I can remember being in Washington, DC to protest the Vietnam War. By then the U.S. was well on its way to chalking up over 58,000 combat deaths. I think Nixon was in office by then. Lyndon Baines Johnson had literally lied America into a vastly expanded war although we wouldn’t learn about that until the famed Pentagon Papers were revealed by Daniel Elsberg, an analyst who, during the Nixon administration, concluded that Americans had a right to know how badly things were going.
For those too young to know about Vietnam, other than we lost, the U.S. had already been in a long Cold War with the Soviet Union since the end of World War II and there was a theory that, if Vietnam fell to Communist control, a whole string of other nations would as well. It was called “The Domino Theory.” Divided between North and South, the Communists in the North wanted to unite the nation. In the 1950s, the U.S. had fought in Korea when the same scenario unfolded. The stalemate of that war continues today. Under Kennedy, “military advisors” had been sent after the French, Vietnam’s former colonial power, pulled out. Under LBJ it escalated into a full-blown U.S. conflict.
It took several years, but after seeing the carnage on their television news every night, most Americans began to think it was the wrong war fought in the wrong place. It would be the first war America lost and, as it wound down, nobody cared much. We just wanted to get out and bring our military home. Ironically, the lessons of that war would be applied by one of its participants, Colin Powell, who, when he became chairman of the Joint Chiefs of Staff, applied what was be known as the Powell Doctrine. No future war would be fought with anything less than overwhelming force. It was the principle applied in the Gulf War and again in Iraqi Freedom to astonishing success.
Powell would tell you, along with the other Neocons surrounding Bush43, that they emerged from the Vietnam War determined to rebuild America’s military into the most powerful the world would ever see. Defeat leaves a bad taste in your mouth. It would take until Ronald Reagan to make that goal come true. Reagan would leave Bush41 a military second to none. Modern warfare, a totally integrated fighting machine, began in the Gulf War and it restored national pride.

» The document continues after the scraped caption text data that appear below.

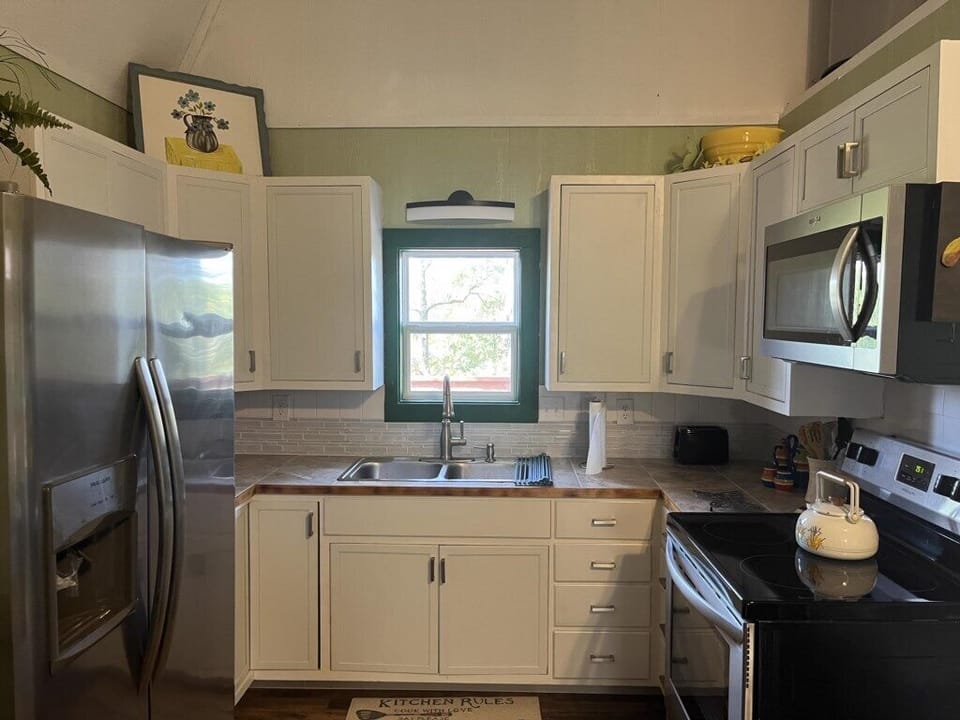 Microwave, oven, stovetop, coffee/tea maker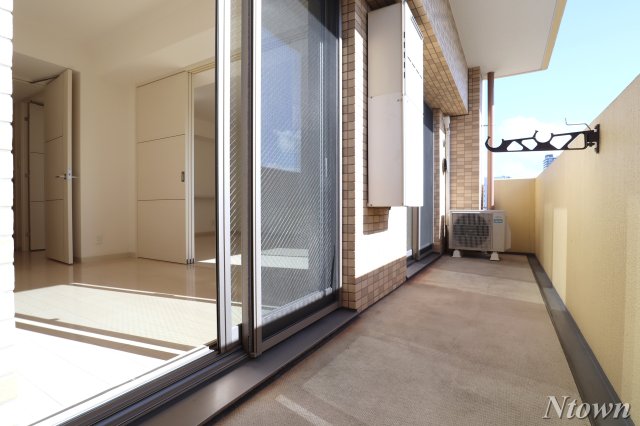 バルコニー　開放的で明るい空間を演出してくれるバルコニーです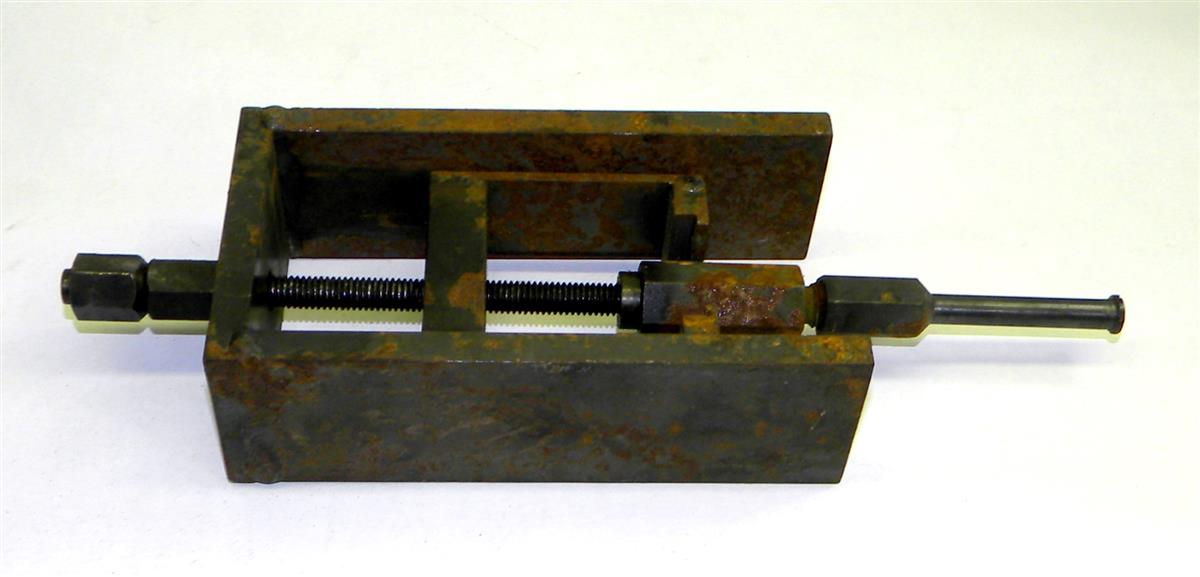 thumbnail image 2 of Tork Teknology Injector Puller For 1998.5-2002 Dodge 5.9L Cummins – CIP040 2 of 6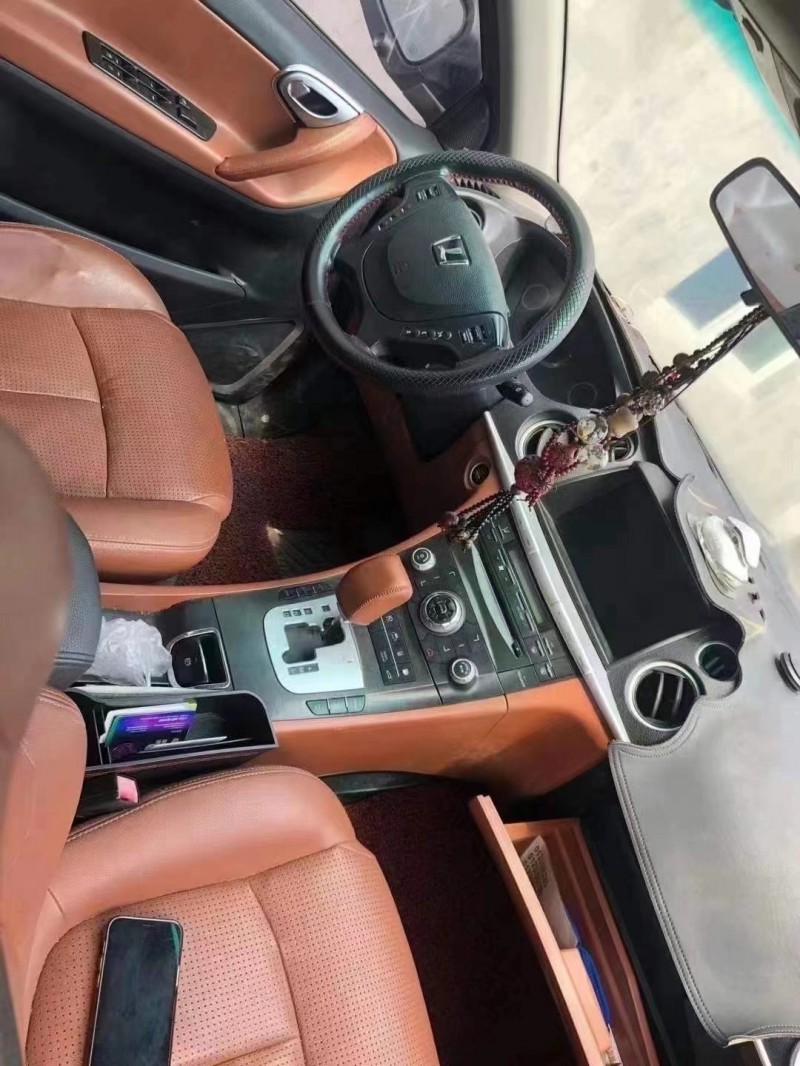 紹興12年納智捷大7 SUV2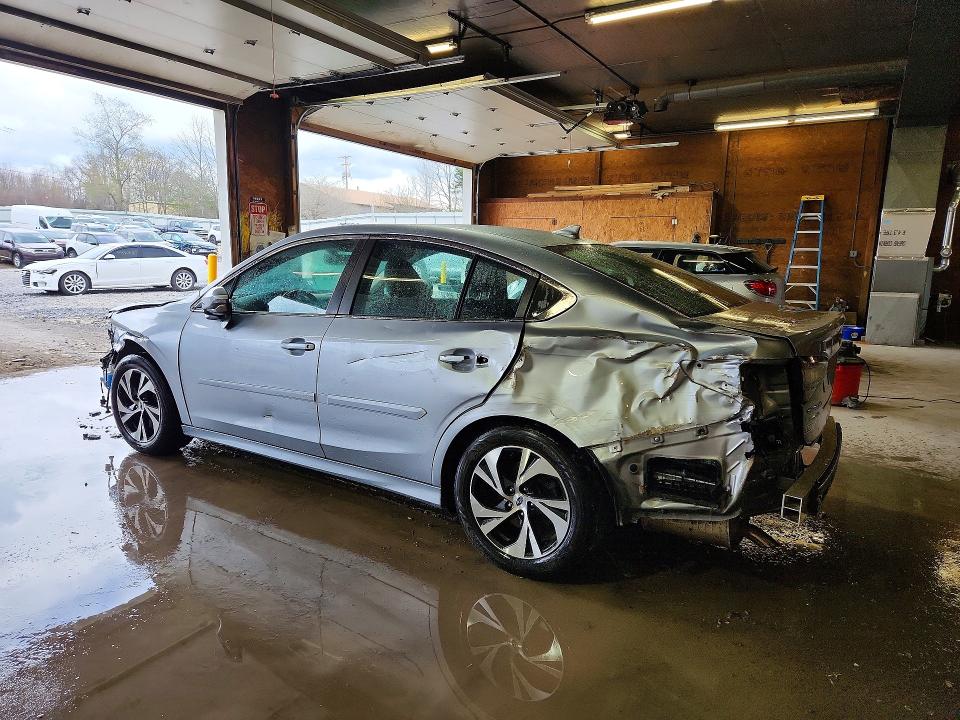 49165586 :رقم المزاد ، 4S3BWAC6XN3011543 vin ، 2022 Subaru Legacy مزاد بيع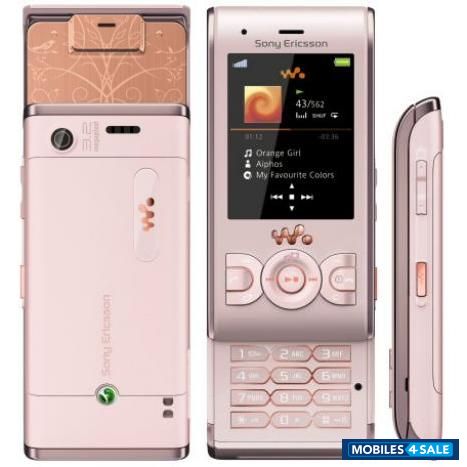 Pink Sony Ericsson W595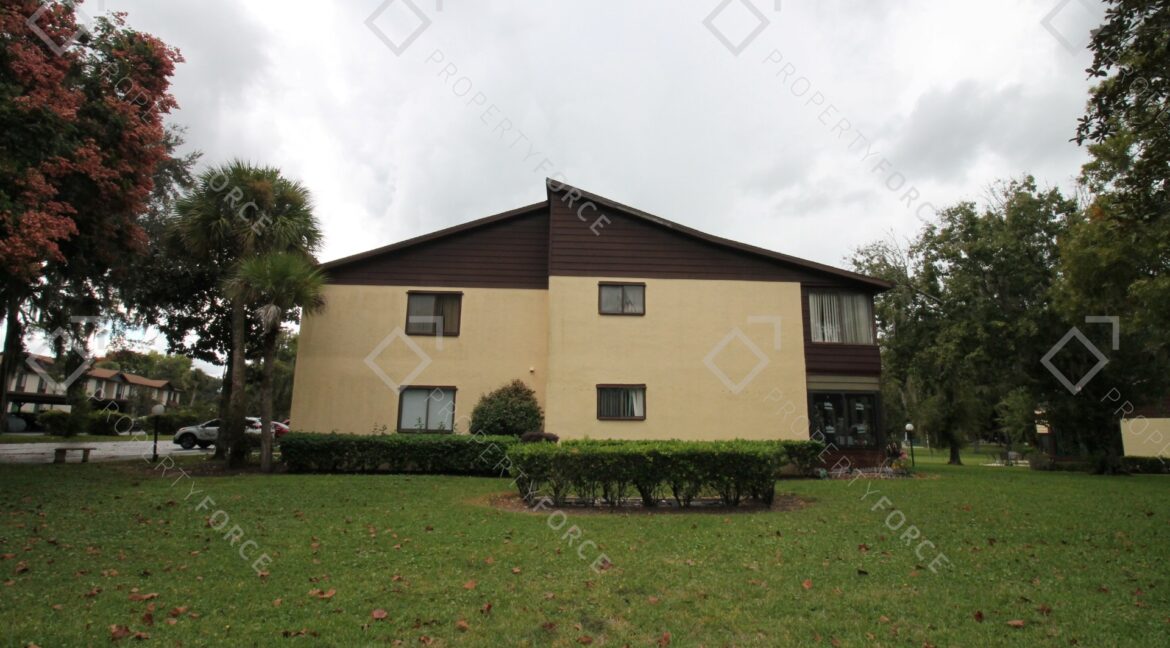 513 Fairways Cir #B, Ocala, FL 34472 (2)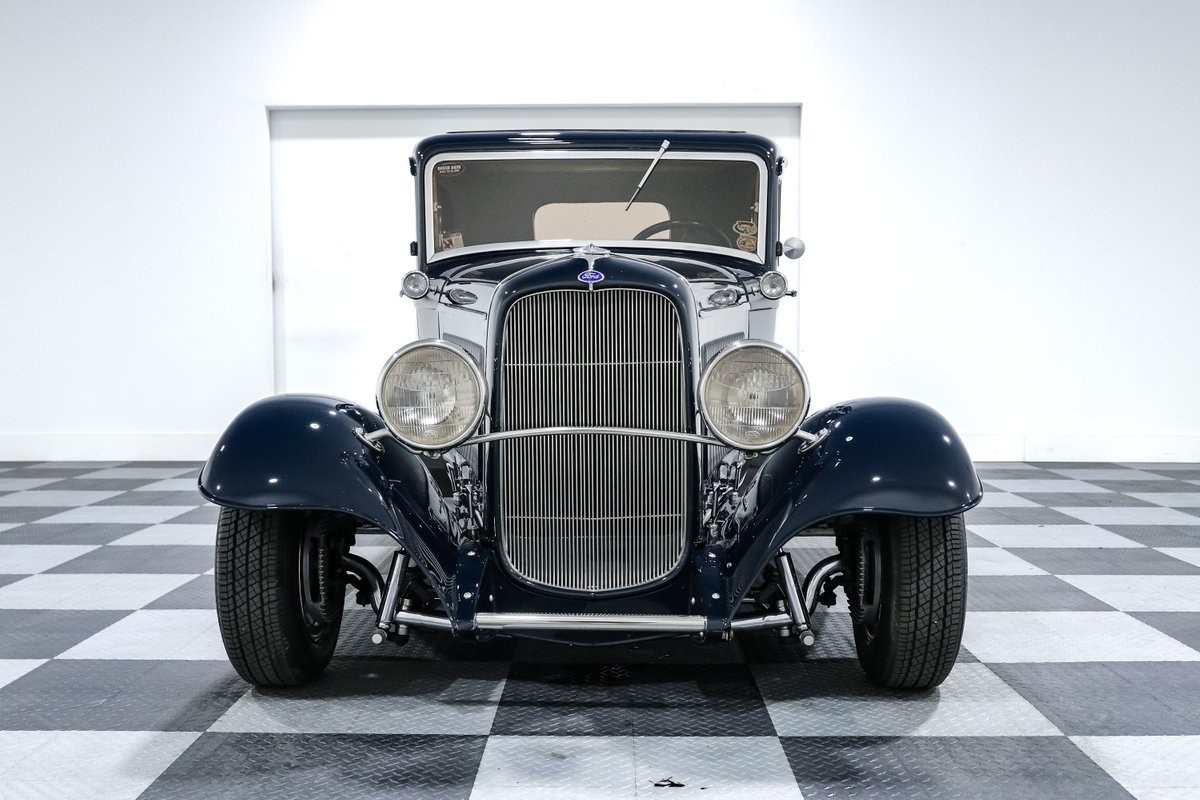 Ford-Victoria-1932-Coupe-1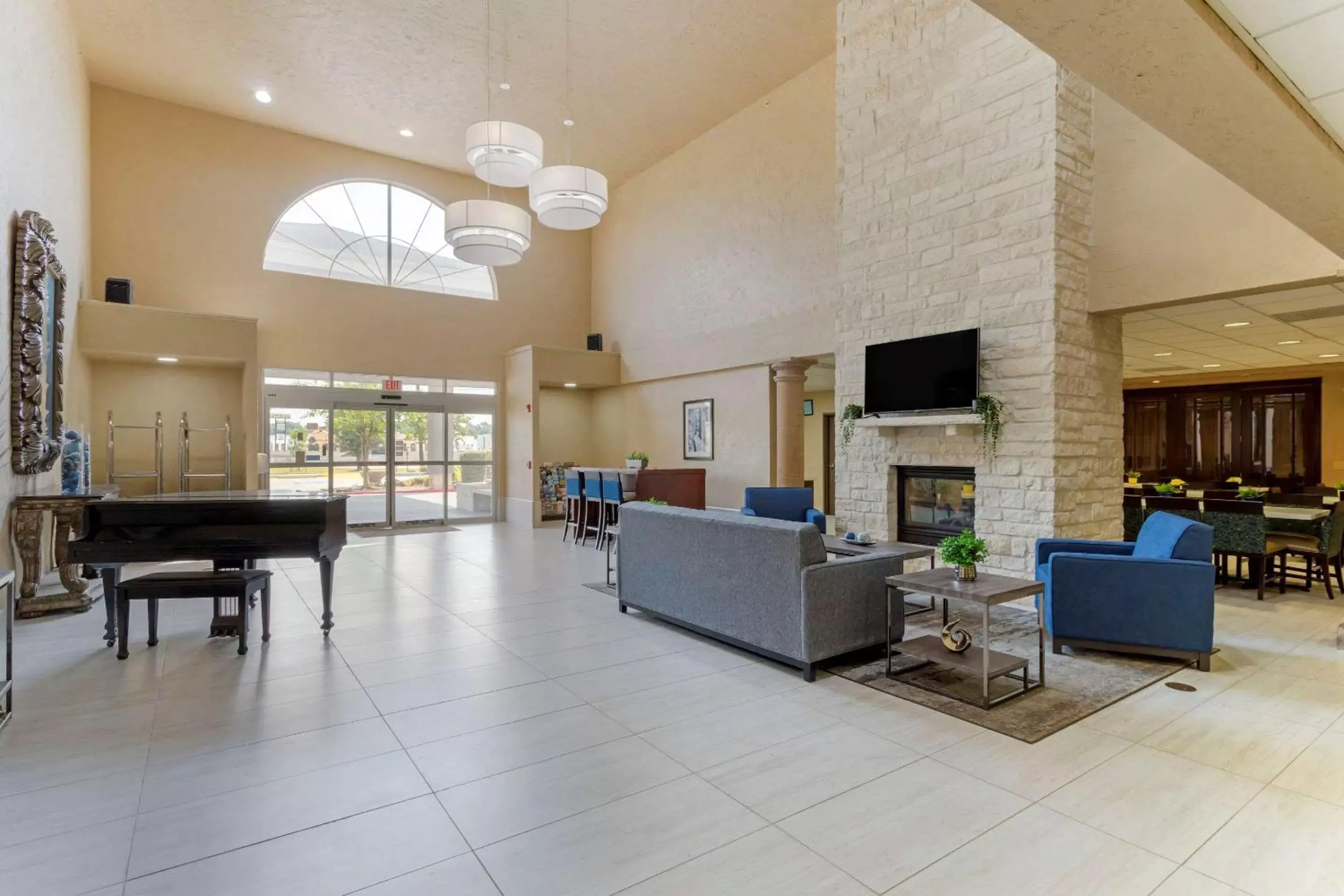 Lobby or reception in Comfort Suites Kingwood Humble Houston North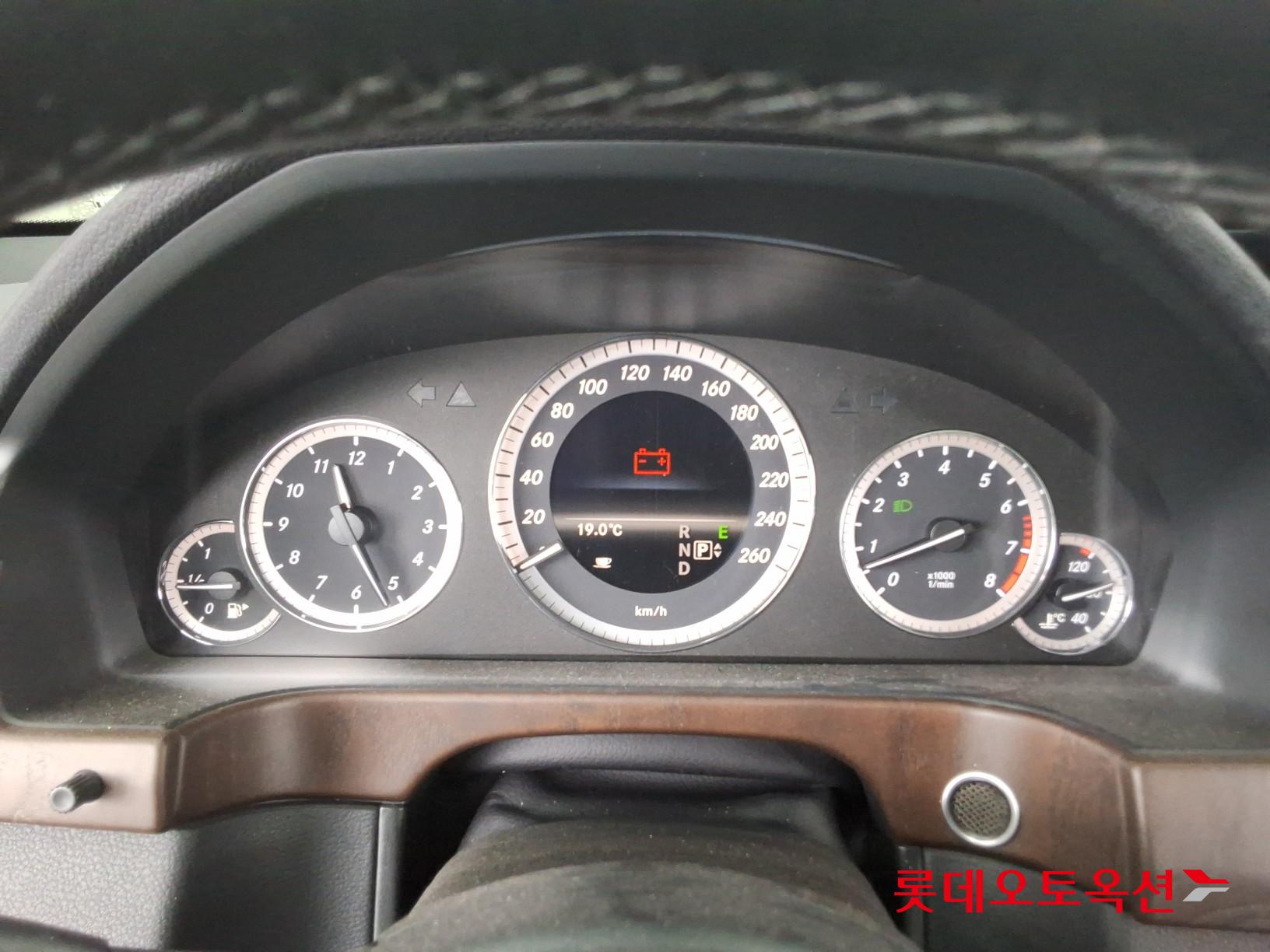 Mercedes-Benz E-Class - 9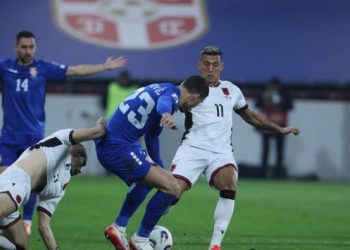 LIVE/ Penallti në lëvizje, Vlahovic gabon para porte, me fat Shqipëria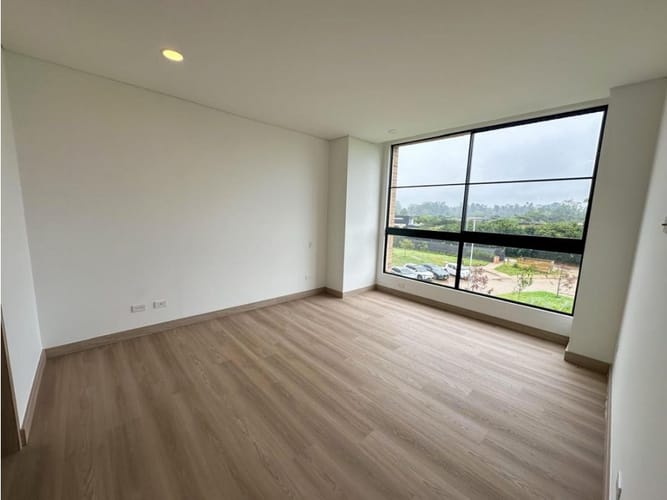 Apartamento de 3 alcobas en arriendo en Llano Grande, Rionegro, 298 m² · foto 5 de 14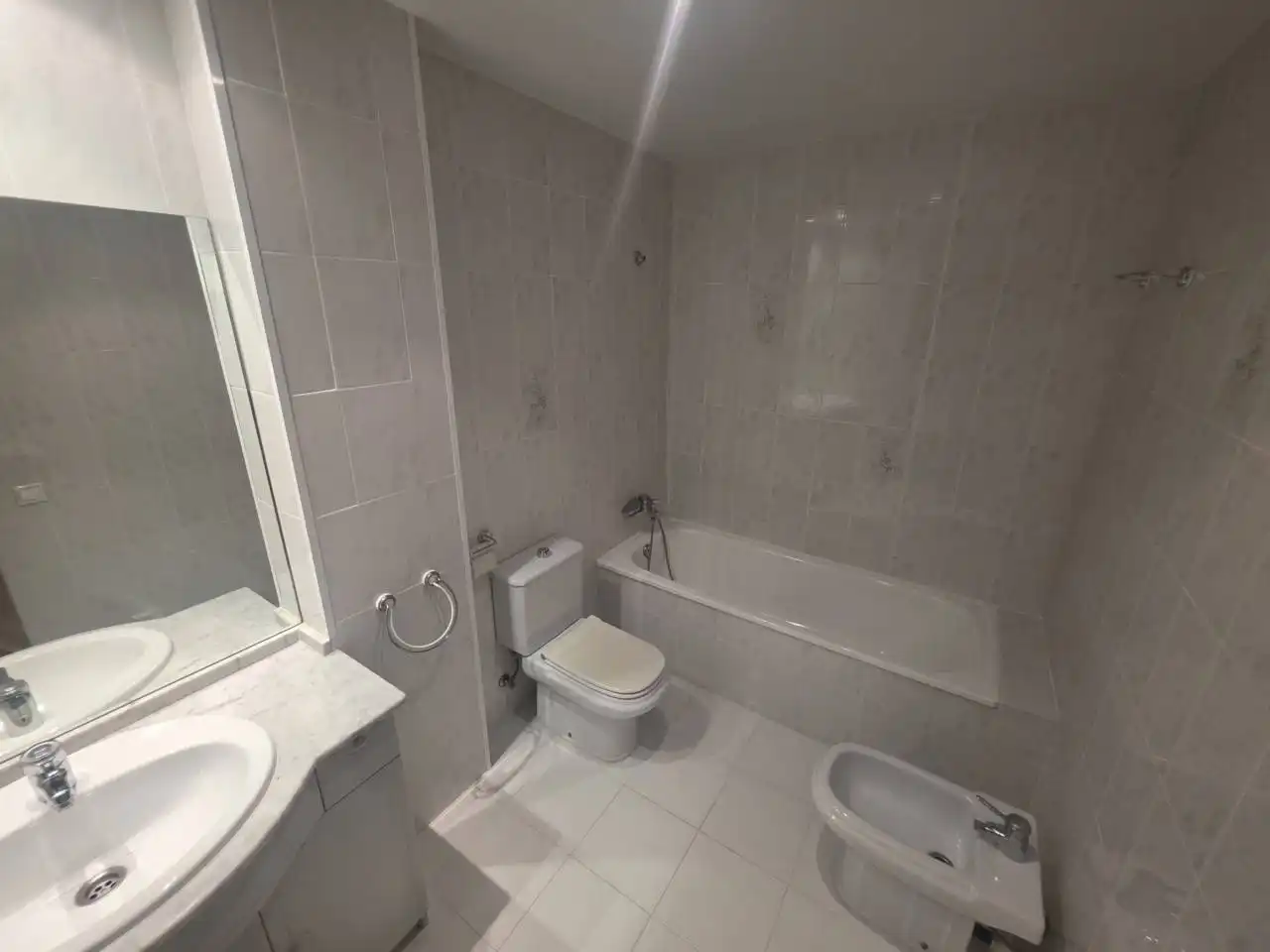 Badezimmer von Wohnung zum Verkauf in Manresa mit Klimaanlage, Heizung und Terrasse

In the years that preceded the Gulf War, however, the U.S. looked like a paper tiger. That impression didn’t happen overnight. The Islamic Jihad had its first victory in 1979, seizing control of Iran along with our diplomats. The mullahs made Jimmy Carter look so lame, Reagan was elected. But Reagan, too, was tested in 1986 when more than 280 U.S. Marines were killed by a suicide bomber in Beirut. He pulled our troops out. Later, though, he would bomb Libya. Its dictator, Muamar Quadaffi, after last year’s Iraq invasion, decided it was time to give up his arsenal and end his flirtation with Islamic illusions of brotherhood.